## [DATA EXTRACT]
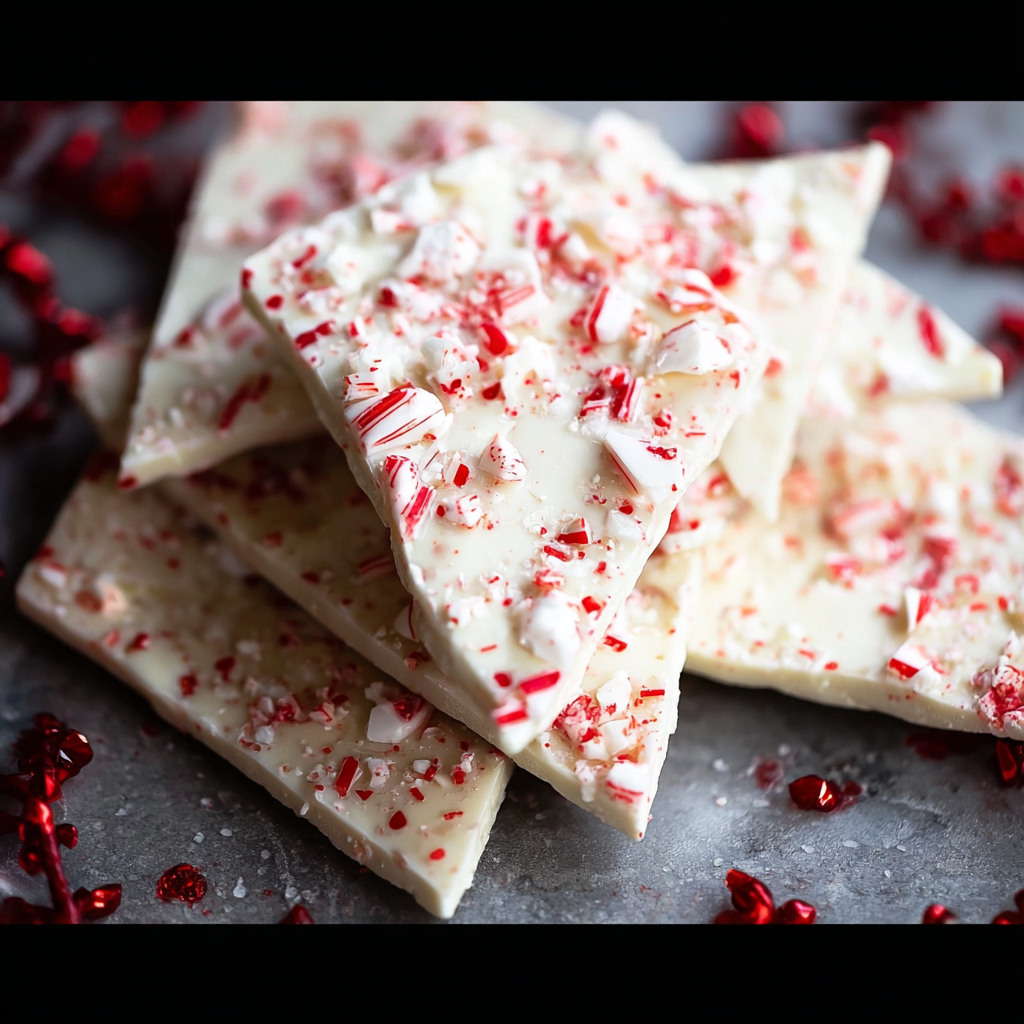 Peppermint bark pieces stacked in a tin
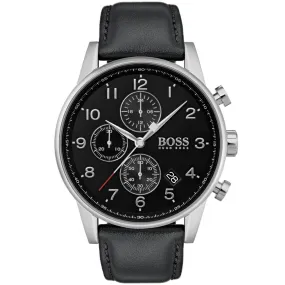 Boss Navigator Black Leather Chronograph Men's Watch - 1513678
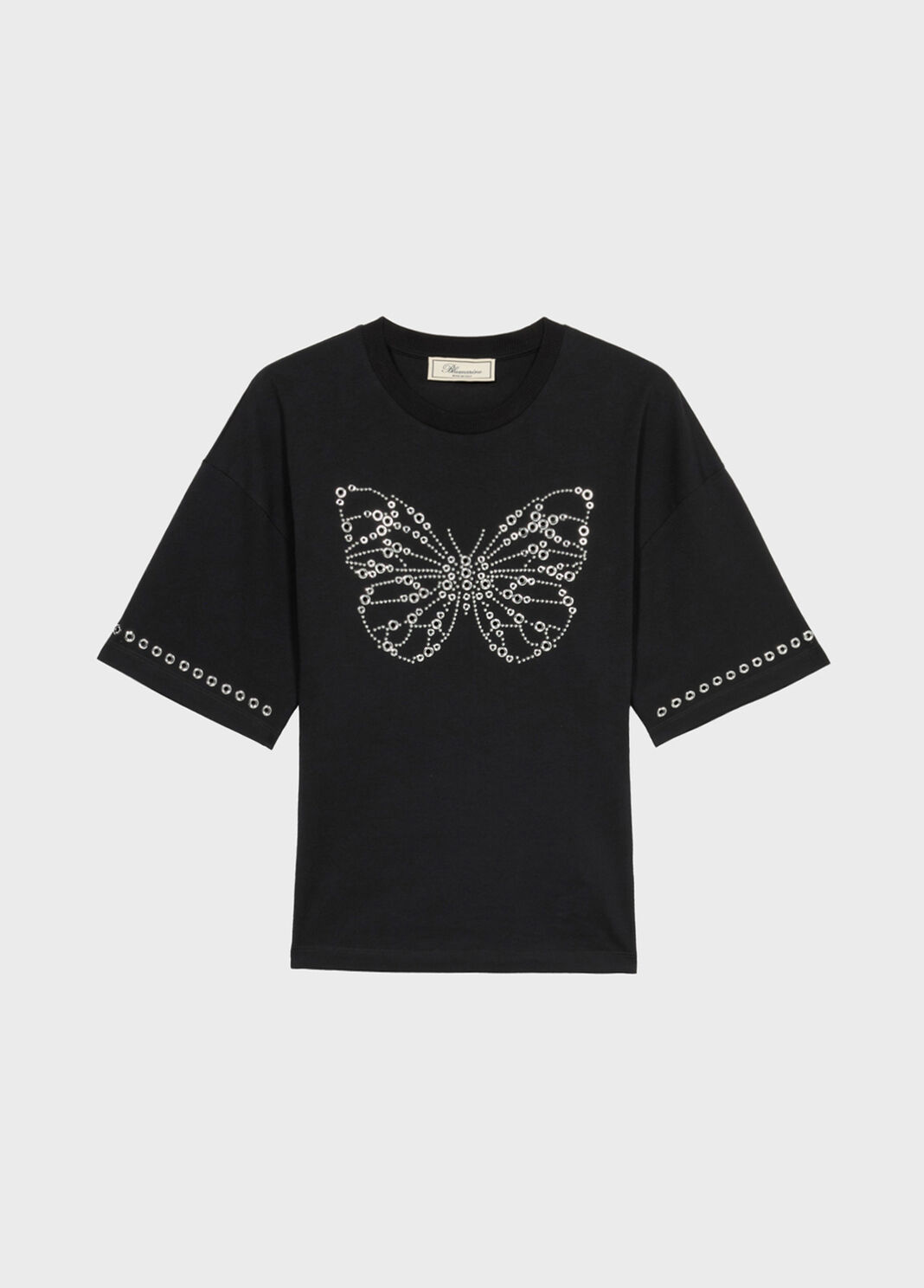 T-shirt with embroidered butterfly in studs and eyelets  Blumarine - large image number 4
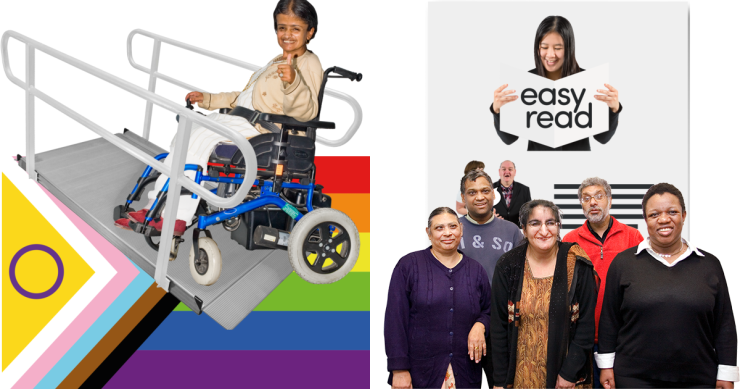 Person in wheelchair going up a ramp. Progress pride flag. Easy read symbol. Group of five people from different ethnic backgrounds.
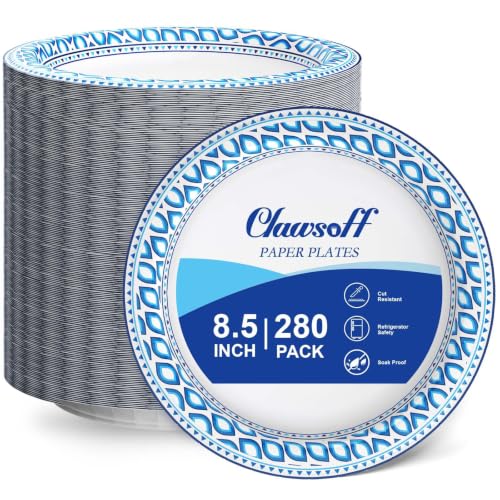 Clawsoff 8.5 Inch 280 Count Paper Plates Heavy Duty Disposable Plates Blue | Cut Proof Dinner Plates, Soak Proof Dessert Plates, Printed Design, Not Microwaveable, for Party, Birthday, Picnic, Food Safe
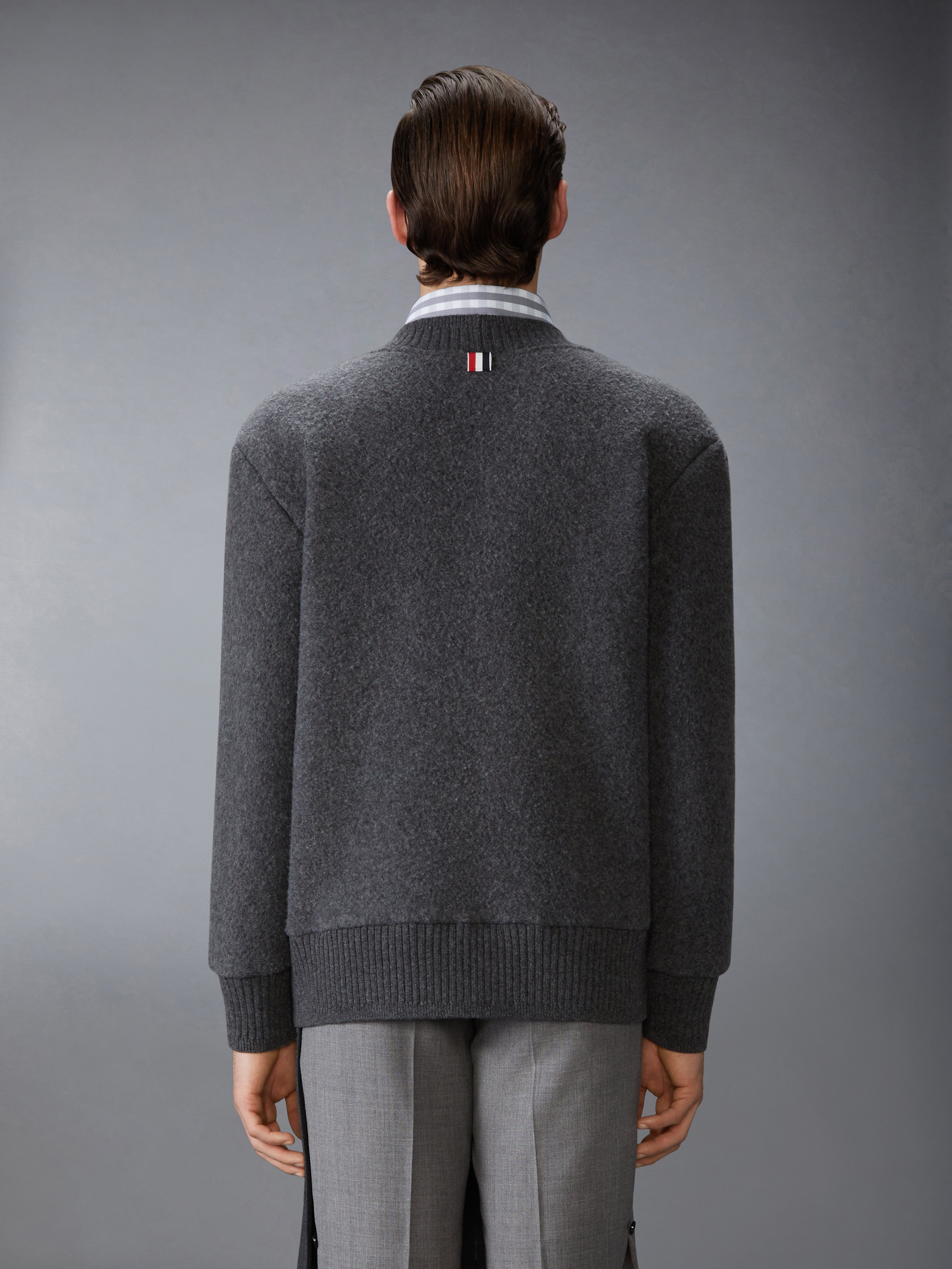 WOOL FLEECE OVERSIZED V NECK CARDIGAN - 3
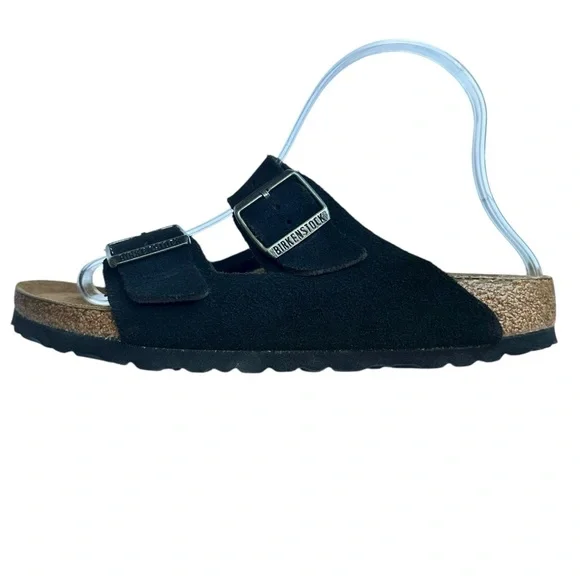 BIRKENSTOCK Arizona Soft Footbed Black Suede Leather Sandals US 8 8 1/2 A B New - Picture 11 of 16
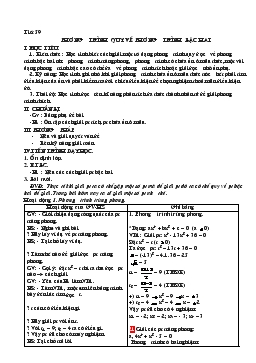 Giáo án Đại số lớp 9 Tiết 59- Phương trình quy về phương trình bậc hai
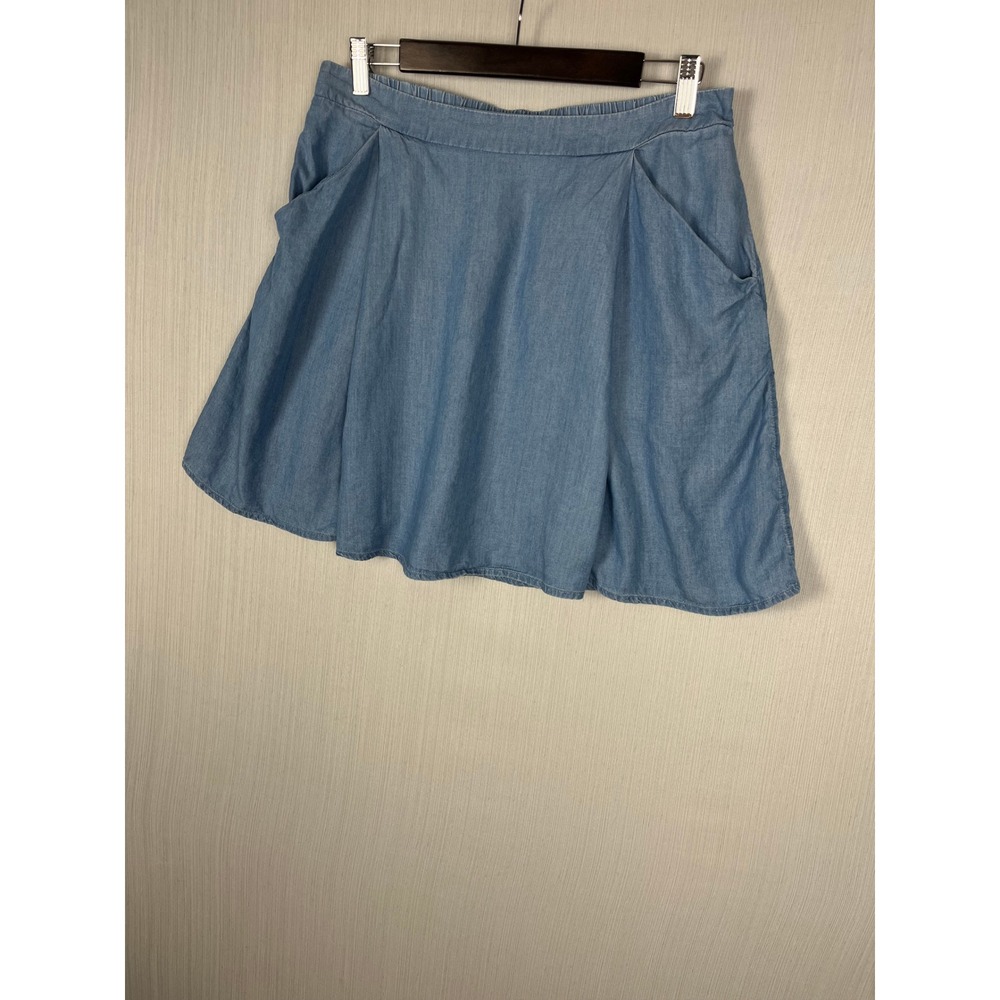 Chambray Mini Skirt M Blue Lyocell Elastic Waist Pockets Cottage Clean Girl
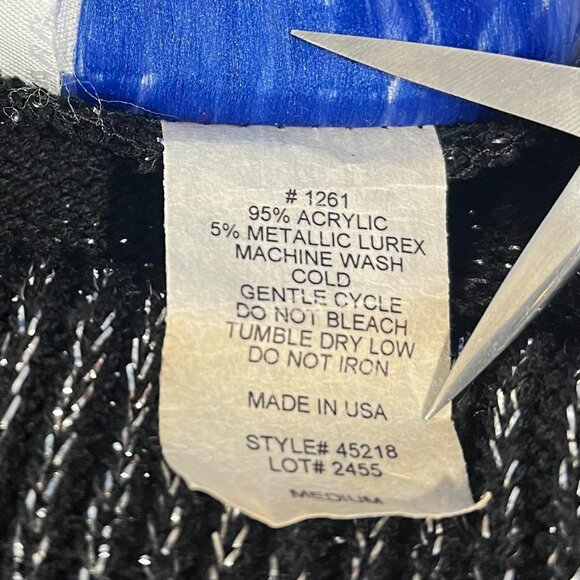 Vintage BFA Classics Metallic Shimmery Silver & Black Turtle Neck Sweater Size M - Picture 4 of 8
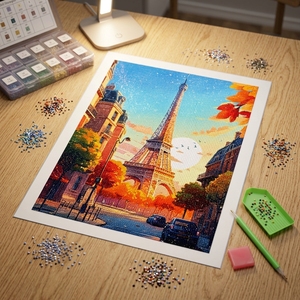 Cuadro de Pared Rectangular con Diseño de Paisajes Otoñales de la Torre Eiffel, Pintura de Diamantes Acrílicos DIY para Decoración del Hogar - Product Image 3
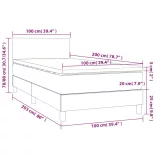 fekete bársony rugós és LED-es ágy matraccal 100x200 cm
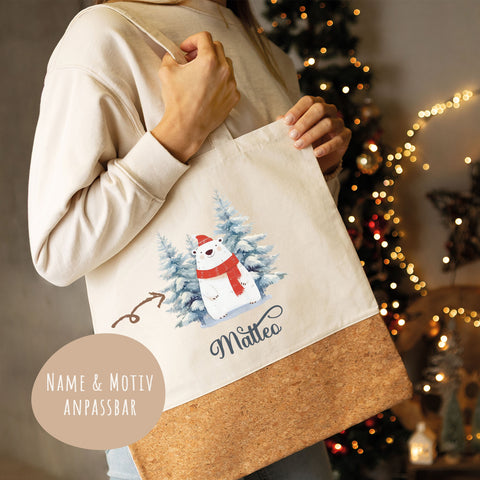 Einkaufstasche Kork - Schneetiere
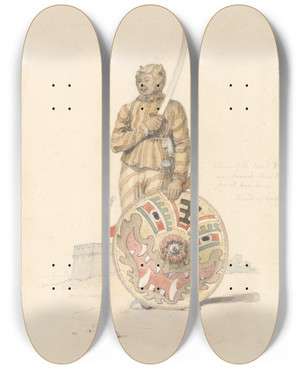Triptych art skateboard deck of William Alexander A Chinese Warrior by William Alexander (1767-1816)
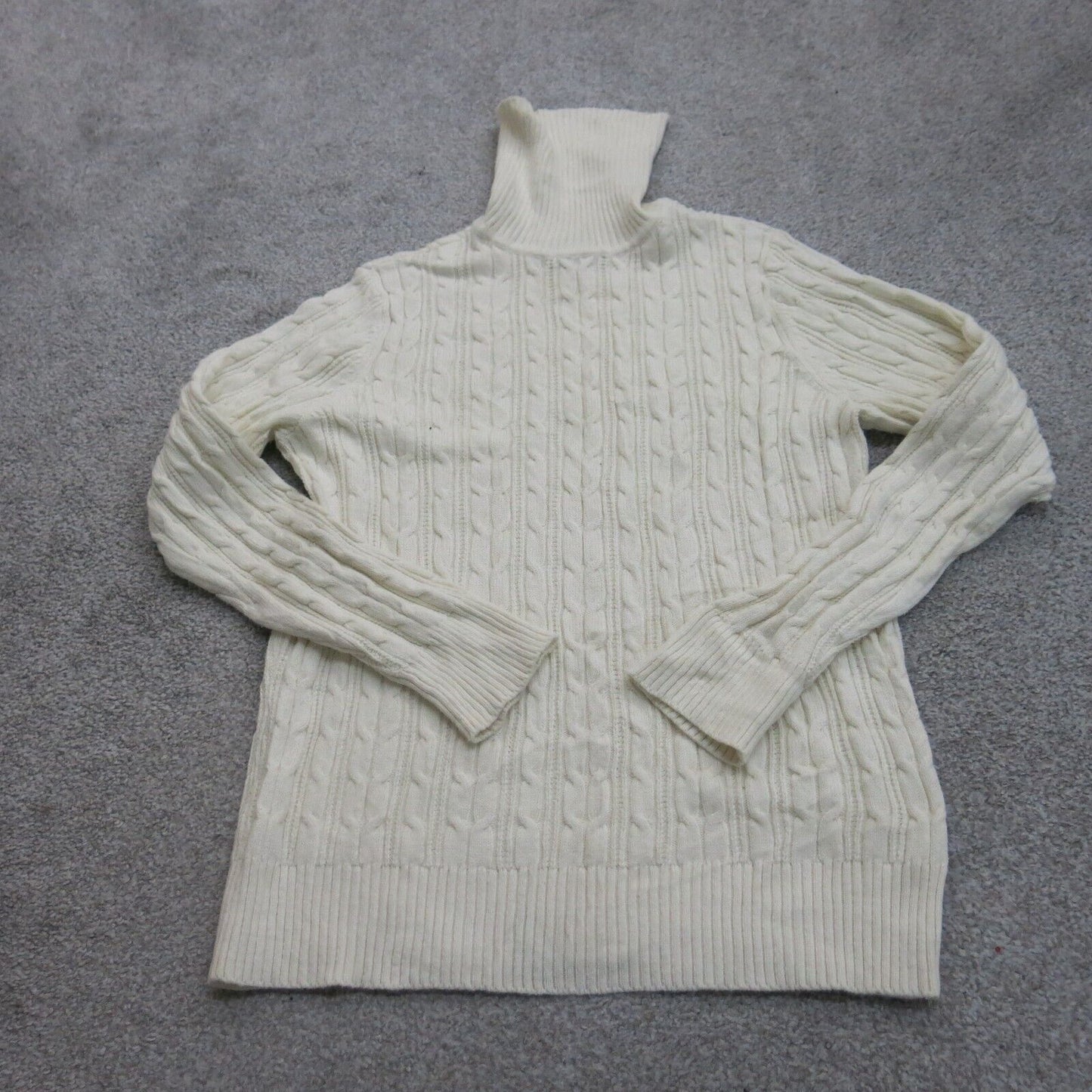 St Johns Bay Womens Pullover Sweater High Neck Long Sleeves Ivory Size Large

## [TRY IT]
Make an exact copy of the lines above, beginning with the line with "Giáo án Đại" and ending with the line with "Vintage BFA Classics", and keep the pictures out of it.

## [SOLUTION FOR THIS TASK]
 Giáo án Đại số lớp 9 Tiết 59- Phương trình quy về phương trình bậc hai
 Chambray Mini Skirt M Blue Lyocell Elastic Waist Pockets Cottage Clean Girl
 Vintage BFA Classics Metallic Shimmery Silver & Black Turtle Neck Sweater Size M - Picture 4 of 8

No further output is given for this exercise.